Sensory and Affective Dimensions of Pain and Anxiety Like Behaviors Are Altered in an Animal Model of Pain Empathy.

Objective: Pain is a unique and subjective experience that has a prominent function in animals' survival. Observation of pain in others leads to alterations in pain sensation and affection, termed "Empathy for pain". The present study aimed to evaluate the effect of empathy on sensory and affective dimensions of pain and its effect on anxiety-like behaviors. Method : In this study, male Wistar rats were used. Two cage mates were selected, one of which underwent administration of a noxious stimuli for 10 days and the other observed the conspecific in pain. Hot plate, tail flick, and conditioned place aversion were used to evaluate sensory and affective dimensions of pain, respectively. Anxiety-like behavior was assayed using elevated plus maze paradigm and time spent in open and close arms and number of entrance into each arm was recorded as the anxiety indicator within a 5-minute framework.
Results: Rats observing the cage mate in pain had a lower threshold to noxious stimuli in comparison to controls. They also had an increased aversion from painful stimuli, demonstrating heightened affective response to pain. Anxiety-like behavior was also enhanced in the observers.
Conclusion: Results of this study demonstrate that both sensory and affective dimensions of pain are altered following observation of pain in a conspecific. Further studies evaluating the underlying mechanisms are encouraged to elucidate the role of different neurotransmitters in this phenomenon.
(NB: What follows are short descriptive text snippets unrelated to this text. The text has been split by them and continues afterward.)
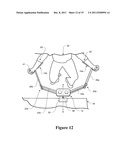 Exercise Device and System diagram and image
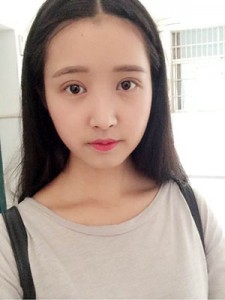 雙眼皮手術(shù) 瞬間變小萌妹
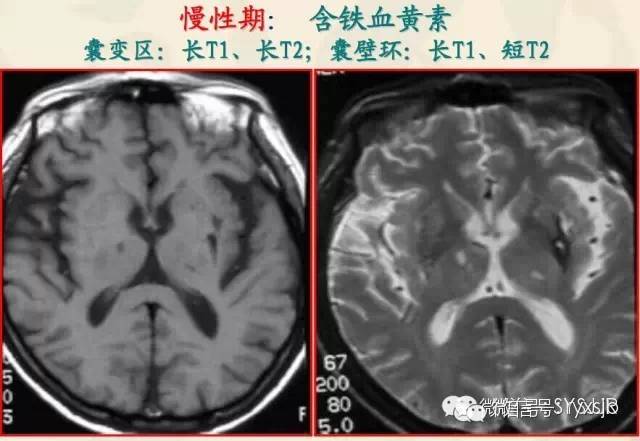 脑内血肿分期与MR信号变化特点 脑内血肿分期与MR信号变化特点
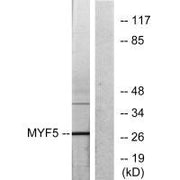 Western blot analysis of extracts from HepG2 cells, using MYF5 antibody.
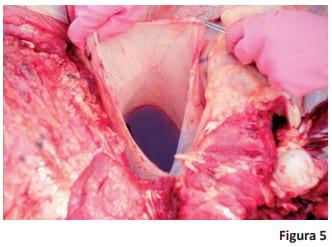 Prevención, diagnóstico y tratamiento de babesiosis y anaplasmosis - Image 5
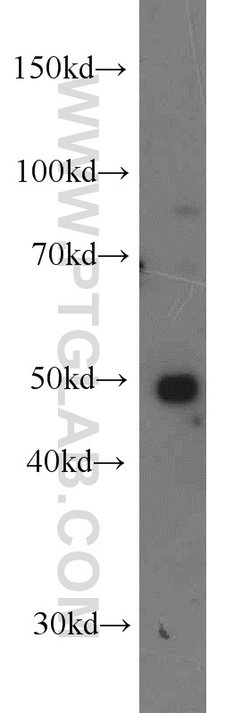 DDX39A Rabbit anti-Human, Mouse, Rat, Polyclonal, Proteintech:Antibodies:Primary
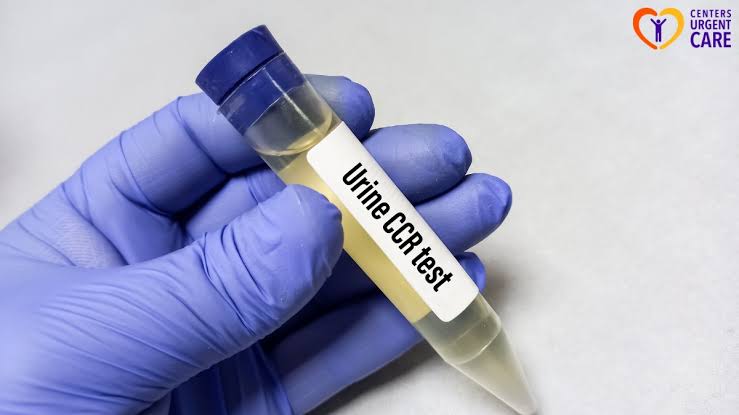 CCR (Creatinine clearance rate)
Empathy is defined as the mental capability to comprehend and respond to the feelings and emotions of other people accordingly. Although empathy has long been considered as a human trait and depends on theory of mind in the mankind, recent studies have revealed a longer neuro-evolutionary lineage for this cognitive ability. Empathy for pain means that following an observation of pain in a conspecific, similar sensations and feelings are experienced by the observer.
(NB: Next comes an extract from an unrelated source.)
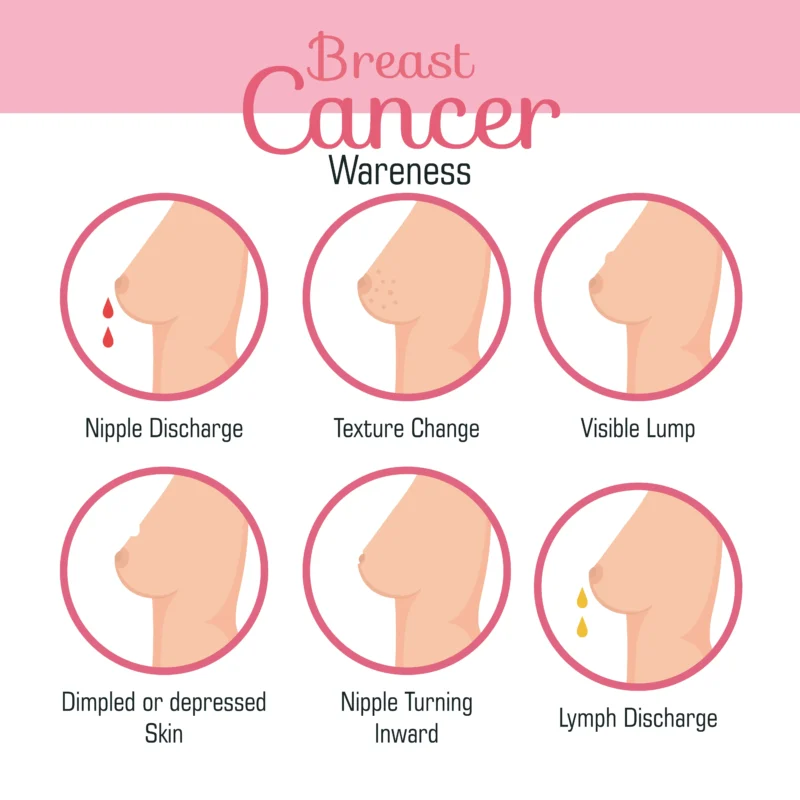 5 Stages of Breast Cancer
This is a special kind of empathy, which is thought to exist throughout a wide range of animals other than humans (1-6).

Pain is a multidimensional phenomenon possessing both sensory-discriminative and affective motivational dimensions. The sensory dimension of pain is correlated with the intensity of the noxious stimulus and acts to protect the organism, while the affective-motivational dimension recruits higher order brain regions and serves to value the threat of noxious stimuli and the cognitive volitional response to the stimulus.

It is demonstrated that empathy for pain activates brain regions responsible for affective processing of pain in humans, but no study has studied this dimension of pain in the animal models for empathy (7). Even further, in subjects with congenital insensitivity to pain, empathy for pain directly activates brain regions corresponding to affective dimension of pain, revealing distinct underlying mechanisms for sensory and affective dimensions of pain in both first-hand experience of pain and empathy for pain (8, 9). Many studies have previously focused on sensory dimension of pain, but neither has addressed the affective pain alterations following empathy in animals (10).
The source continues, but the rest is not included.